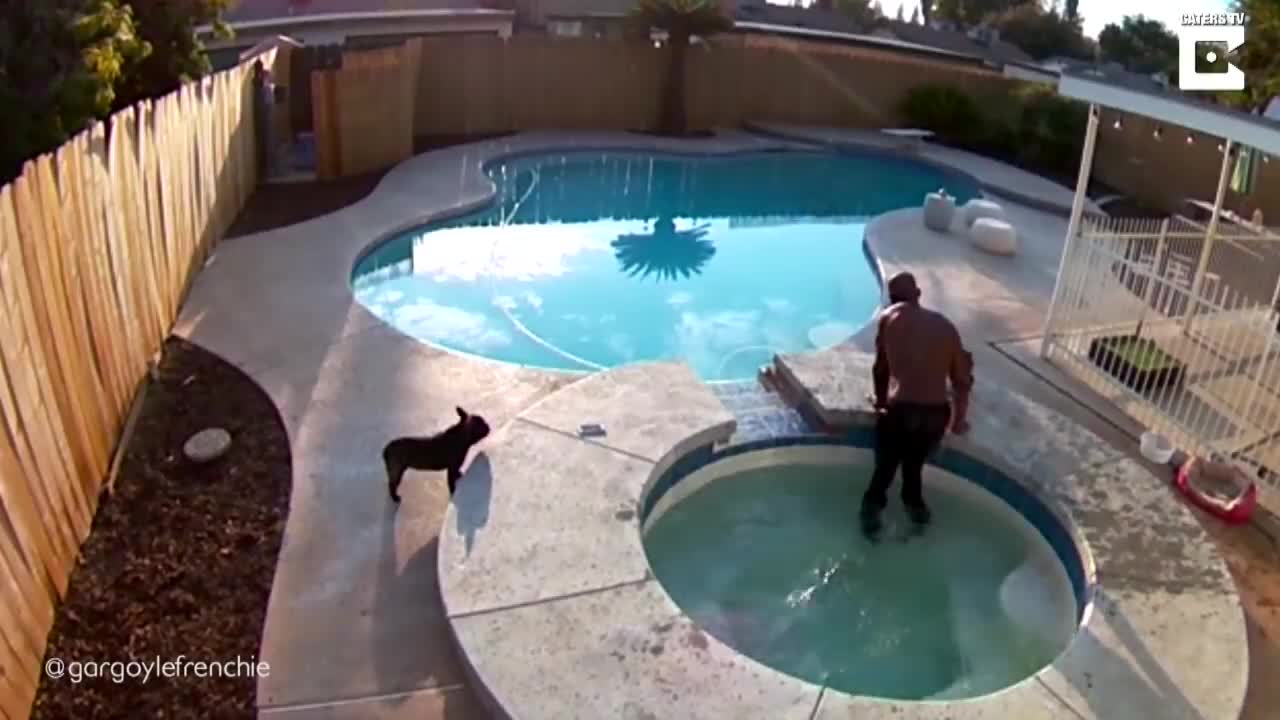 Man Rescues Puppy From Drowning In Backyard Pool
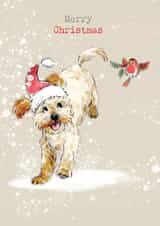 Cute Christmas Card - Merry Christmas - Jumping Cockapoo & Robin created by Paper Shed Design
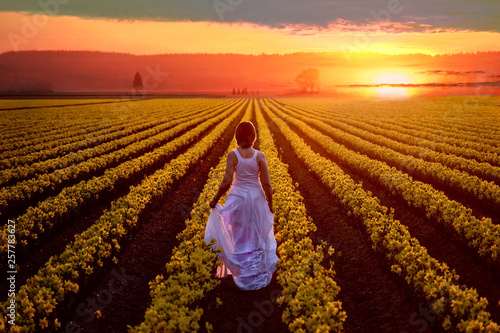 Woman on daffodil fields enjoying sunset. Annual  Skagit Valley tulip festival near Seattle. Mount Vernon. WA. USA photo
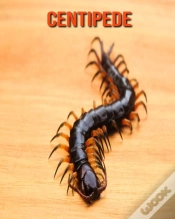 Capa do artigo Centipede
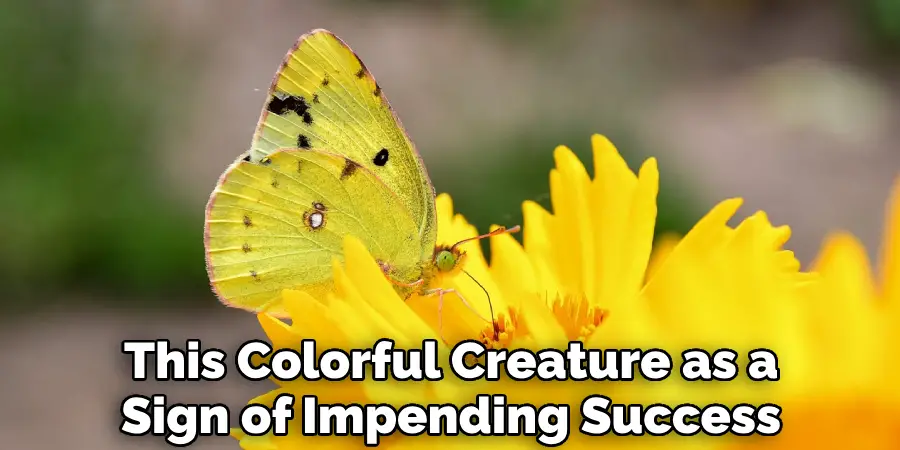 This Colorful Creature as a Sign of Impending Success
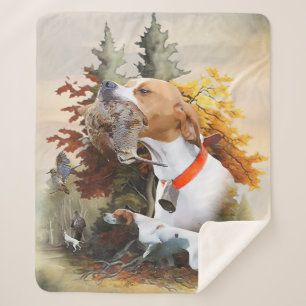 English Pointer Sherpadecke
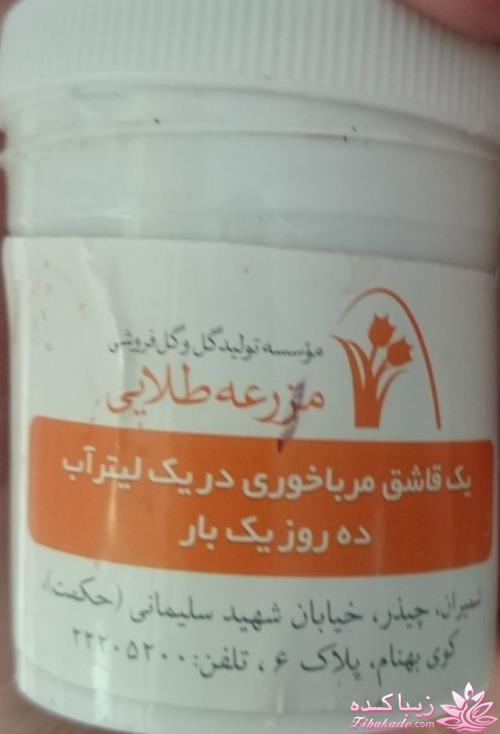 گیاهان آپارتمانی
• • • • •
WHAT YOU NEED TO DO →
Write out word for word every line from the line with "English Pointer Sherpadecke" through the final line of the records, both included, skipping the pictures.

RESPONSE TO THE EXERCISE →
 English Pointer Sherpadecke
 گیاهان آپارتمانی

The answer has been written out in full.